What is shortcrust pastry dough?
Shortcrust pastry dough is a basic type of pastry consisting of a fat (butter, vegetable shortening or lard), flour and just enough liquid to hold it together. The dough is typically used as a crust for pies and both sweet and savory tarts. In its most basic form, the dough is left unsweetened. That way, it can be used for a sweet or savory dish. Pie crust is an example of a type of shortcrust dough.
For tips on making and rolling the perfect pie crust, check out the Craftsy class Perfecting the Pie Crust, and for even more instruction on creating the perfect shortcrust pastry, be sure to check out Savory Tarts, Quiches and Galettes.
What’s so short about it?
Although variations of shortcrust pastry certainly exist, one thing holds true: the ratio of half fat to flour.

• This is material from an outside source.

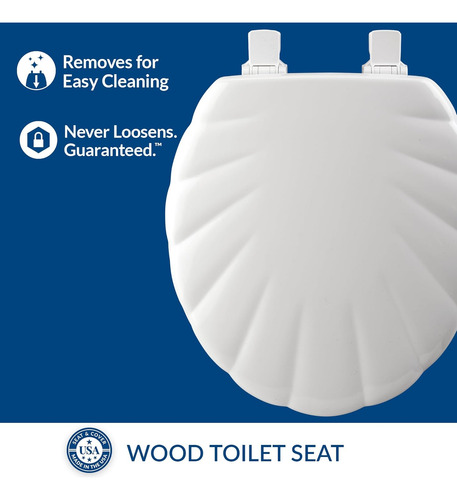 Asiento Para Inodoro De Madera Redondo Color Blanco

This relatively high amount of fat ensures that unlike a bread dough, which has “long” strands and pretty much stays together, shortcrust pastry is crumbly and will break apart in “short” strands, hence the name. This is the same reasoning for calling some cookies shortbread.
Berry tart via Hana Tang
How does it work?
Typically, the fat is gently worked into the flour, and then only enough liquid is added to make the dough cohesive and malleable. Working the fat thoroughly into the flour ensures that the flour is covered with fat, keeping the gluten from developing.
While bread is kneaded and worked precisely to make the gluten develop, shortcrust pastry is just the opposite. You want to work this dough as little as possible. Too much working will make the pastry tough and chewy, while minimal working will ensure a tender and flaky crust.
Rules of the shortcrust
These tips will serve you well in all of your shortcrust pastry-making adventures.

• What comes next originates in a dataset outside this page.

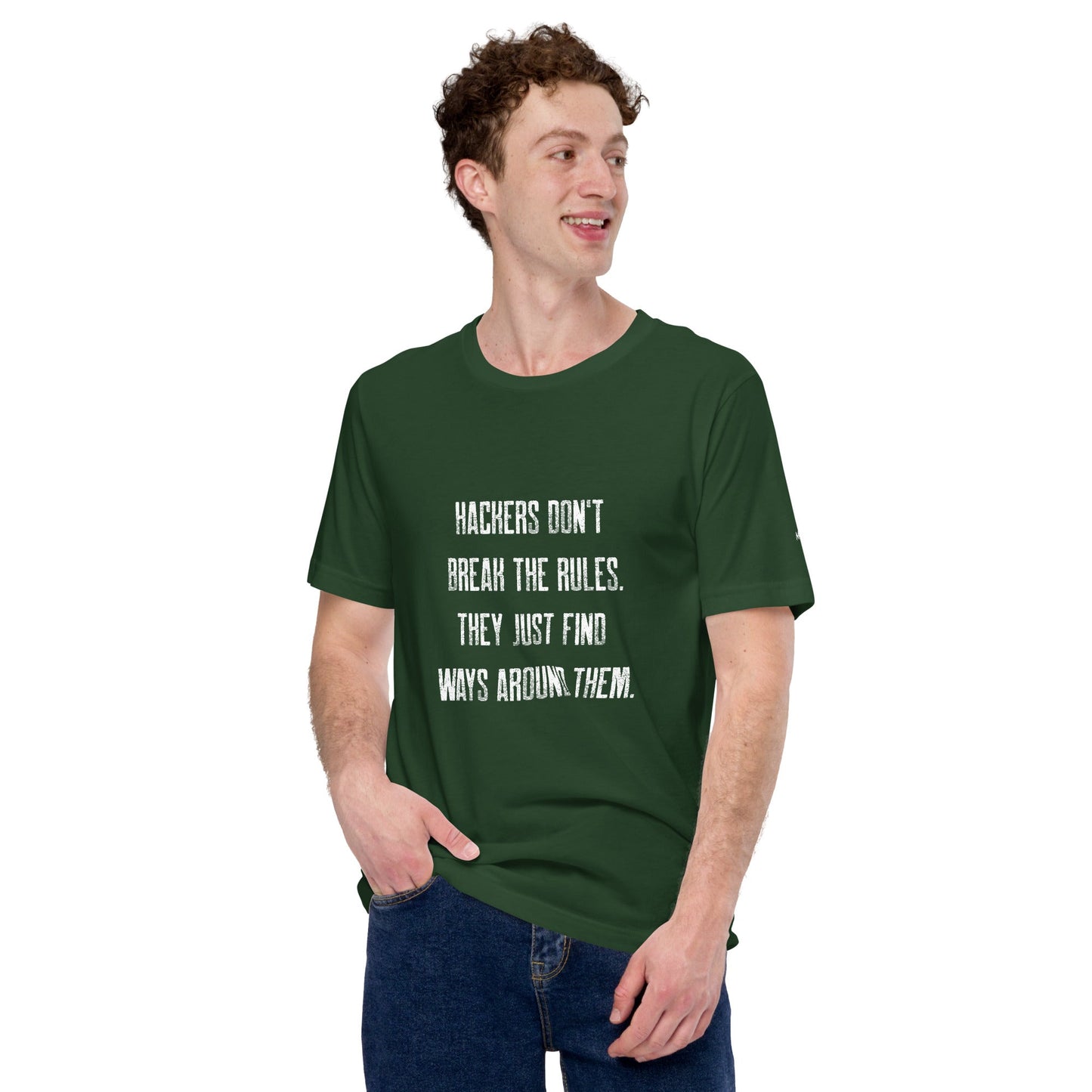 Hackers don't break the rules, they just find ways around them V1 - Unisex t-shirt by DarkByteGear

Always chill the fat (butter, margarine, shortening or lard) and liquid before you begin. Why? This keeps the fat from getting creamed into the flour, which can give the dough an awkward texture.
The dough needs to rest in the refrigerator for at least 30 minutes or as long as overnight. There are a few reasons:
- This time allows the flour to absorb all of the liquid.

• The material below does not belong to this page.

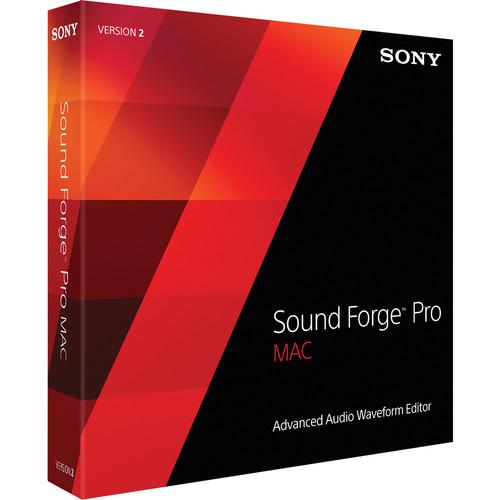 Sony Sound Forge Pro Mac 2.5 - Digital Audio Editing SFM2000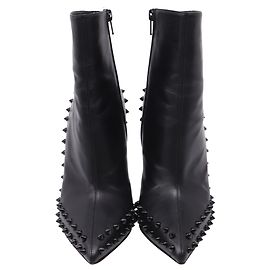 Christian Louboutin Willetta Ankle Boots in Black Leather Black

- It lets the dough “relax” and become more pliable and elastic (and therefore easier to handle).
- It keeps the fat sealed in specific spots rather than spreading, which will give the crust a nice, flaky and light texture when baked.
When chilling the dough, form it into a disc rather than a ball: this will make rolling easier when you’re ready to use the pastry.
Poached pear and almond tart via Colette Christian
Types of shortcrust pastry
There are many different types of shortcrust pastry dough. Here are some famous variations:
- Shortcrust pastry or pâte brisée: This classic version of shortcrust is not sweetened, and can be used for sweet or savory creations, from pie crust cookies to quiche.
- Sweetcrust pastry or paté sucree: a sweetened shortcrust pastry. The addition of sugar not only sweetens the flavor, but further dissuades the gluten in the flour from developing, making for a tender and delicious flaky texture. This dough works well as a sweet tart shell or as the base for bar cookies and layered desserts.
- Pâte sablee: This is a variation on paté sucree that also includes egg. However, it is the author’s observation that recipes titled paté sucree can include egg, too.
- Pâte à foncer: This French variation on shortcrust pastry includes mostly egg and milk with just a touch of sugar. The wet ingredients are lightly creamed before working into the flour. This rich type of dough is often used as a tart crust.